Heroin Assisted Treatment/Heroin Maintenance
(Comparison of Client Satisfaction Between Those Treated With Oral Methadone Versus Injectable Heroin) "The present study determined participants’ satisfaction with received treatments in the first North American RCT [Randomized Controlled Trial] to provide injectable diacetylmorphine or hydromorphone compared to oral methadone for the treatment of long-term, treatment resistant, opioiddependency.
(Effectiveness of Heroin-Assisted Treatment Compared With Methadone Maintenance) "Our results on the cost-effectiveness of diacetylmorphine are consistent with those of an economic analysis based on data from two Dutch heroin-assisted treatment trials,21 despite differences in the design of the Dutch trials and the North American Opiate Medication Initiative, and the time horizon and analytic design of the economic analyses.
(Proof of Efficacy of Heroin-Assisted Treatment) "Over the past 15 years, six RCTs [Randomized Controlled Trials] have been conducted involving more than 1,500 patients, and they provide strong evidence, both individually and collectively, in support of the efficacy of treatment with fully supervised self-administered injectable heroin, when compared with oral MMT, for long-term refractory heroin-dependent individuals.
(Safe Injection Sites and International Drug Control Treaties) "23. It might be claimed that this approach [drug injection rooms] is incompatible with the obligations to prevent the abuse of drugs, derived from article 38 of the 1961 Convention and article 20 of the 1971 Convention. It should not be forgotten, however, that the same provisions create an obligation to treat, rehabilitate and reintegrate drug addicts, whose implementation depends largely on the interpretation by the Parties of the terms in question.
(Findings from the North American Opiate Medication Initiative) "Our study had two primary findings. First, we found that most study participants were motivated for treatment, despite not accessing it in at least the past 6 months (as per trial entry criteria). This may be the result of a lack of accessible or attractive treatment options available to them.
(Effectiveness of Heroin-Assisted Treatment) "Heroin prescription represents a contentious approach to treatment. Many would question whether giving users the drug that they are addicted to constitutes 'treatment' in the normal sense of the word. As with any form of substitution therapy, there is also the question of whether users can be moved on from their drug use – perhaps the fact that users are being prescribed their drug of choice (rather than a frequently unpopular alternative) may mean that users will find it even more difficult to move on to abstinence.

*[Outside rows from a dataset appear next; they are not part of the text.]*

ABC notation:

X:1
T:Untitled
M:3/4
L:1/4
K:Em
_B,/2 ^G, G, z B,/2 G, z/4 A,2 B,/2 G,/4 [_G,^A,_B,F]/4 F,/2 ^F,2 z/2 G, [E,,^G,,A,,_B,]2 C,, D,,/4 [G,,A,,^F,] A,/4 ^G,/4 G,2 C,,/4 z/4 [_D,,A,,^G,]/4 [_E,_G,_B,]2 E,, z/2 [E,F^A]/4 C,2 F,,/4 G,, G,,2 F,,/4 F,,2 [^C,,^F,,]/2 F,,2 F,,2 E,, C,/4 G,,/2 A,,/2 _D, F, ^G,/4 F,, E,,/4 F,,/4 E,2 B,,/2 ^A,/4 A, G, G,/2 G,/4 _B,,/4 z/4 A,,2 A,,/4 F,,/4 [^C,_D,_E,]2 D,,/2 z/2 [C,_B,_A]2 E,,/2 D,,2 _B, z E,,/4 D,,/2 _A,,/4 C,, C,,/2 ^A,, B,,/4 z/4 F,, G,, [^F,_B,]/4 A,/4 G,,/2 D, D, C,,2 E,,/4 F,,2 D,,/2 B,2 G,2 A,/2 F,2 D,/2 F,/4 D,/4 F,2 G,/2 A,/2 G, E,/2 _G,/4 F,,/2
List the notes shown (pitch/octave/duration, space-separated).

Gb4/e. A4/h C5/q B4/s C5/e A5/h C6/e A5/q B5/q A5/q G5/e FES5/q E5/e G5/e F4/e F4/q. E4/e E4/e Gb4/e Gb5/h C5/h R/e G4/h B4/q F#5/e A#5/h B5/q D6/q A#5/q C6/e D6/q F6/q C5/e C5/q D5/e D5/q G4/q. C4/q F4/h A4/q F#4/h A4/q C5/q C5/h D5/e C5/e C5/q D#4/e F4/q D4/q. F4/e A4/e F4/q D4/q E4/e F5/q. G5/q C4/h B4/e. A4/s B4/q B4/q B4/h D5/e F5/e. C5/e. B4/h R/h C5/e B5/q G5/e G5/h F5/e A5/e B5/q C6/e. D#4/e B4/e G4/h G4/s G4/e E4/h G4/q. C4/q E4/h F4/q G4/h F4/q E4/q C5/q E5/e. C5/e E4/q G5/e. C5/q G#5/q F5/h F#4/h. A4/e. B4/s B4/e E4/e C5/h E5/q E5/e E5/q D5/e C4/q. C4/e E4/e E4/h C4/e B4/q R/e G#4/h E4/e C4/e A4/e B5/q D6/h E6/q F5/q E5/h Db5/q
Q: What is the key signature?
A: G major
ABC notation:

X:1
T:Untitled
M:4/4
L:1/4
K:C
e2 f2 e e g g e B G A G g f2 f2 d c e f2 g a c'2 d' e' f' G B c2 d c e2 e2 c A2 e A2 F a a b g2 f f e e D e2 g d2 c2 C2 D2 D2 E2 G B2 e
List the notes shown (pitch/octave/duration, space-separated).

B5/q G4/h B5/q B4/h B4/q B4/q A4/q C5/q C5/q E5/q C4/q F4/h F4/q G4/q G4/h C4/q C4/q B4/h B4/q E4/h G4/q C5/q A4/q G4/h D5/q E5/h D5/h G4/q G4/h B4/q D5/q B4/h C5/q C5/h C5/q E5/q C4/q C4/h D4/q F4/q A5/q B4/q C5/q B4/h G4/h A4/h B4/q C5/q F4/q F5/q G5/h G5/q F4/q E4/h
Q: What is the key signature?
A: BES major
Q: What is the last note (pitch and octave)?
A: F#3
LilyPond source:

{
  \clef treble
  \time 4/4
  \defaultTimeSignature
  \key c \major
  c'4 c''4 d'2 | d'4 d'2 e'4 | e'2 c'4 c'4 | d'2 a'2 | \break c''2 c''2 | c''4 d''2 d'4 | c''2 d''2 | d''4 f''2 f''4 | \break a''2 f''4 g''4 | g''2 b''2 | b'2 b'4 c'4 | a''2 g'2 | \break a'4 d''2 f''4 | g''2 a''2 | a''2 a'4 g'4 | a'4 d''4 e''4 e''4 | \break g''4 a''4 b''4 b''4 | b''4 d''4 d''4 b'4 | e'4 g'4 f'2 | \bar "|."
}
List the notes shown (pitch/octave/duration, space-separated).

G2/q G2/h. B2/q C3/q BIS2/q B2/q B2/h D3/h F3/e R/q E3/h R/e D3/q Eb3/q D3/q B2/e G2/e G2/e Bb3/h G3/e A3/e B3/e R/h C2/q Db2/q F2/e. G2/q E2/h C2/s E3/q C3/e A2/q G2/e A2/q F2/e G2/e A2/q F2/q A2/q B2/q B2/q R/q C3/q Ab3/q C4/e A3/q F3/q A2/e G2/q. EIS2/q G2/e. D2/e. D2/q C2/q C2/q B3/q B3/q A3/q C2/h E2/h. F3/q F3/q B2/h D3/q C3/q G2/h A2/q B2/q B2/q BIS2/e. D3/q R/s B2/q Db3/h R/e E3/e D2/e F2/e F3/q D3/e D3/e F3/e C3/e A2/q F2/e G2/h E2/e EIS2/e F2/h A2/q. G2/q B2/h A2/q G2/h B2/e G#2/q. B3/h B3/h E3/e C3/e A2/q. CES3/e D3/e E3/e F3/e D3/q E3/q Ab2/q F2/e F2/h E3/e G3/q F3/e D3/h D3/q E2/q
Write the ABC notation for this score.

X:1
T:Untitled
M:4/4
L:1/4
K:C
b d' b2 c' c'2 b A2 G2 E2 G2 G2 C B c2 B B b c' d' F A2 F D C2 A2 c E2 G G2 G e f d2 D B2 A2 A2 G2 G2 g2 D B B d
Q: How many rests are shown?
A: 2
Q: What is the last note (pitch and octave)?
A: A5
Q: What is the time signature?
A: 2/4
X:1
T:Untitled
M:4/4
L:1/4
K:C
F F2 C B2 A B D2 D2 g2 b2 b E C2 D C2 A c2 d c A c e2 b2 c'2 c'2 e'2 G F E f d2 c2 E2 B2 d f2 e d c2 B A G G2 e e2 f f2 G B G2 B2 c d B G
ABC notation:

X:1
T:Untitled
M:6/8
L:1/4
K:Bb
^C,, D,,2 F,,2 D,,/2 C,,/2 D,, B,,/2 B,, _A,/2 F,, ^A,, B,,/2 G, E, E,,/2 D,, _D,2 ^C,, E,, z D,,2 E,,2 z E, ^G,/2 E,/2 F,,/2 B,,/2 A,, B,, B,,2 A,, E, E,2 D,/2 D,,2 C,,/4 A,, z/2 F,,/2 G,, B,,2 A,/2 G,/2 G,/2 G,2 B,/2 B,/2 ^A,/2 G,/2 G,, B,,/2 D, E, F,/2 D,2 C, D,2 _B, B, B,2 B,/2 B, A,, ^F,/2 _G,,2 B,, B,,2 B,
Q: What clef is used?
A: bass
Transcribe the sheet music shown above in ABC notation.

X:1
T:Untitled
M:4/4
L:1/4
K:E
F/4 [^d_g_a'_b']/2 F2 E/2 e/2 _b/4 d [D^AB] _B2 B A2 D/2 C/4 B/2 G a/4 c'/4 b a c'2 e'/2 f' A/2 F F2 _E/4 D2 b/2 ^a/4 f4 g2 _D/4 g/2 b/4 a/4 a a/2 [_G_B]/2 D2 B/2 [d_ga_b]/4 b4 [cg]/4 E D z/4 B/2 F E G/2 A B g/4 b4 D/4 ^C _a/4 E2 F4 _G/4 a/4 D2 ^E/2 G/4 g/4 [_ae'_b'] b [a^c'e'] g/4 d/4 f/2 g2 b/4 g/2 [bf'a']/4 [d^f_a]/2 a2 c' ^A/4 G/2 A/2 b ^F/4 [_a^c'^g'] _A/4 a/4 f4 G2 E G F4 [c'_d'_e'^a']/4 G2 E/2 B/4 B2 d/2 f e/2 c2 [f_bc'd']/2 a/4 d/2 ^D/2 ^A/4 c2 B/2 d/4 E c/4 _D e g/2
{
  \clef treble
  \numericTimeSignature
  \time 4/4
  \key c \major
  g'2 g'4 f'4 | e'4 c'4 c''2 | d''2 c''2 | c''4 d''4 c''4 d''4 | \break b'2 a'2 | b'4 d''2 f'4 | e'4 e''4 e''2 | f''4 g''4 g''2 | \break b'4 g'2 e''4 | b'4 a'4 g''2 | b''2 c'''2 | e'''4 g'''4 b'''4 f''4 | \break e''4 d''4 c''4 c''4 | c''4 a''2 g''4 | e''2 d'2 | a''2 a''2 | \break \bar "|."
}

(Research Ethics) "The most widely accepted document outlining ethical standards for research at the international level is the Declaration of Helsinki . There is a crucial section, paragraph 30, of the document that is pertinent to research on heroin treatment for addiction. It reads:
"'At the conclusion of the study, every patient entered into the study should be assured of access to the best proven prophylactic, diagnostic and therapeutic methods identified by the study'
(History of Heroin-Assisted Treatment) "The emerging consensus is that heroin is a treatment for a limited number of illicit-drug users who do not do well with other medicines. Historically, however, heroin was the main 'drug of choice' for treatment. In the 1920s and earlier in Britain, it was the treatment or maintenance drug for compliant middle-class addicts, those who accepted the authority of the doctor to prescribe to them.